| ASSIGNMENT |
Lines from the one containing "Beautiful Detached House" through the end of the material are to be retyped exactly; do not copy pictures.

| MATERIAL PROVIDED |
--------
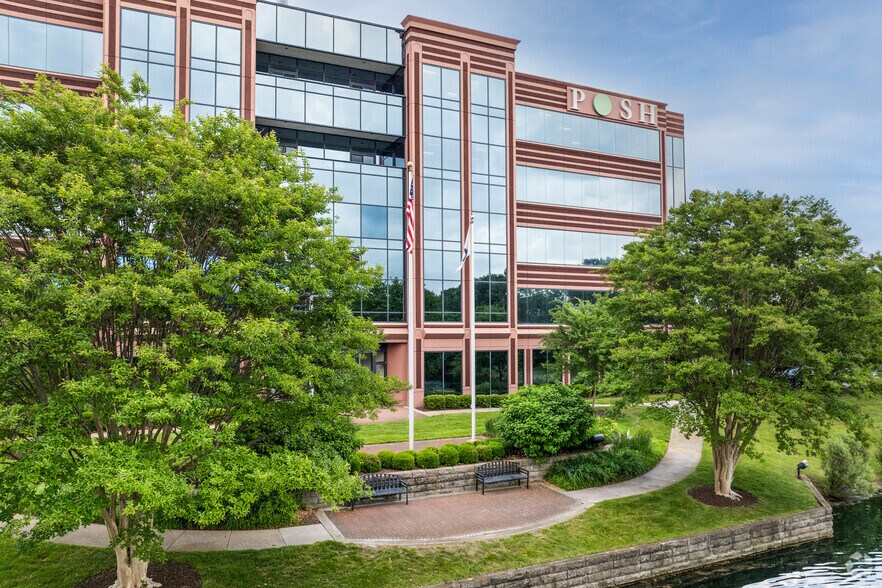 More Photos Of 272 Bendix Rd, Virginia Beach Unknown For Lease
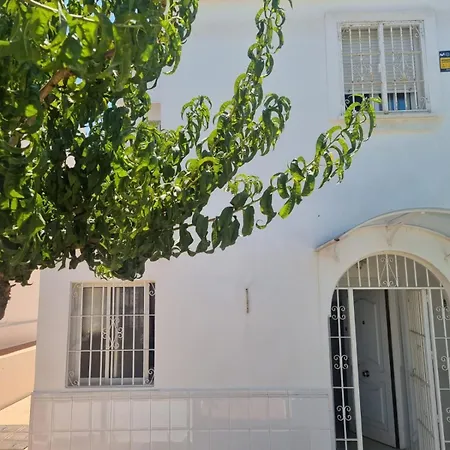 Beautiful Detached House With Garden 펜션 밀야스코스타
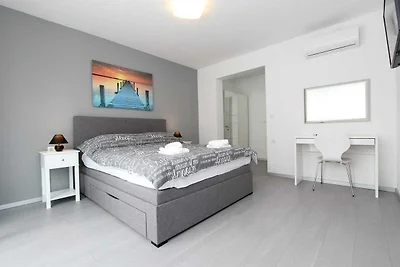 KARLO 2 Ferienhaus mit Pool (sa bazenom)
--------
| ANSWER SECTION |
 Beautiful Detached House With Garden 펜션 밀야스코스타
 KARLO 2 Ferienhaus mit Pool (sa bazenom)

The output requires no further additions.